Global stock market overview for March 09 - March 14
🌍 Global equities ended the week in a clearly defensive mood as tensions between the US-Israel side and Iran escalated, pushing oil sharply higher and reviving inflation fears. The main pressure did not come from geopolitics alone, but from the risk that higher energy costs could slow growth while keeping price pressures elevated.
📉 Major indices broadly weakened over the week. Wall Street closed in the red, with the Dow Jones, S&P 500, and Nasdaq all slipping toward new 2026 lows, while the Nikkei, FTSE 100, and several Asian and European markets also came under pressure as risk appetite faded and oil-import exposure became a bigger concern.
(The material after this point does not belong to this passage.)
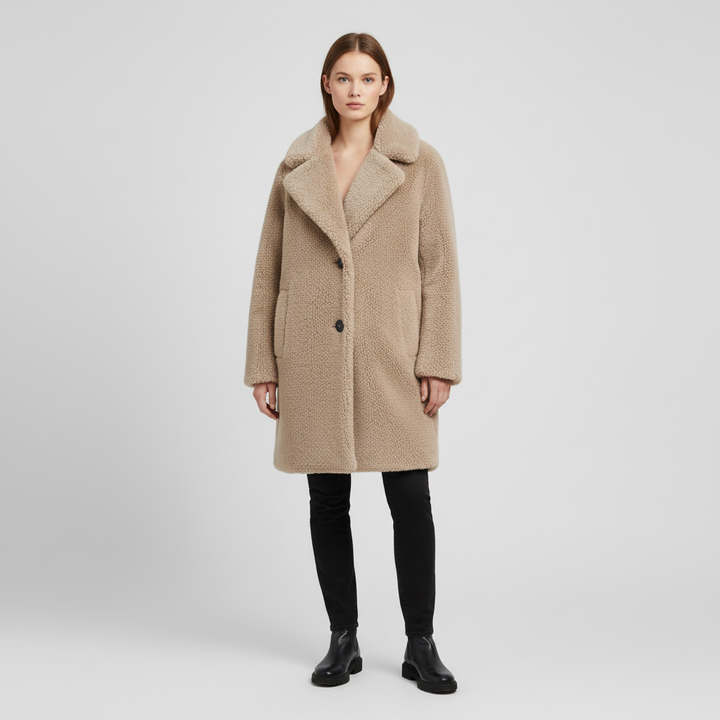 Casual Rita teddy coat, women's long plush jacket, perfect for winter warmth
🛢️ Oil remained the key driver. Brent briefly moved above $100 per barrel, while WTI surged again into the weekend, showing that markets are still pricing in significant supply risk around Hormuz. As energy prices climbed, the narrative quickly shifted from easing expectations to stagflation concerns, putting additional pressure on equity valuations.
🏦 Macro signals and bond markets offered little relief. US 10-year yields stayed elevated, the VIX moved higher, and expectations for early Fed rate cuts were pushed further back. That kept short-term capital positioned more defensively rather than rotating back into higher-risk assets.
⚙️ Sector divergence became more visible this week. Energy, defense, and parts of the resource space held up better than the broader market, while airlines, logistics, and other input-cost-sensitive sectors faced heavier pressure. Technology saw some selective rebounds, but not enough to change the broader tone.
🟡 In that backdrop, capital continued to lean toward safe-haven assets such as gold and the US dollar. In the week ahead, markets will likely stay focused on three variables: Middle East developments, the direction of oil prices, and rate expectations, as these will determine whether global equities extend their pullback or begin to stabilize.